This figure shows the difference between `NumPy` array and `Python` list:

![Alt text](img/array_vs_list.png)

The `NumPy` array essentially contains a single pointer to one contiguous block of data. The Python list, on the other hand, contains a pointer to a block of pointers, each of which in turn points to a full Python object like the Python integer we saw earlier.

# The `NumPy` array data structure (`ndarray`):

An array object represents a multidimensional, **homogeneous** array of fixed-size items. An associated data-type object describes the format of each element in the array (its byte-order, how many bytes it occupies in memory, whether it is an integer, a floating point number, or something else, etc.)

The difference between dynamic-type list and a fixed-type.

`NumPy` arrays **must be** of the same data type.

`NumPy` arrays are typed arrays of fixed size.
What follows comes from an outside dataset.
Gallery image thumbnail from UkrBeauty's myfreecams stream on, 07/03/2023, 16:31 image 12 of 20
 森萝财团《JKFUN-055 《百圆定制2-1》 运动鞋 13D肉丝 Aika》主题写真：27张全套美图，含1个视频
Python lists are **heterogeneous** and thus elements of a list may contain any object type, while NumPy arrays are **homogenous** and can contain object of only one type. An ndarray consists of two parts, which are as follows:

    1. The actual data that is stored in a contiguous block of memory
    2. The metadata describing the actual data


## One, Two, Three, and Four dimensional arrays (vector, matrix, and tensor):

![1d-2d-3d-arrays](img/numpy-1d-2d-3d-arrays.png)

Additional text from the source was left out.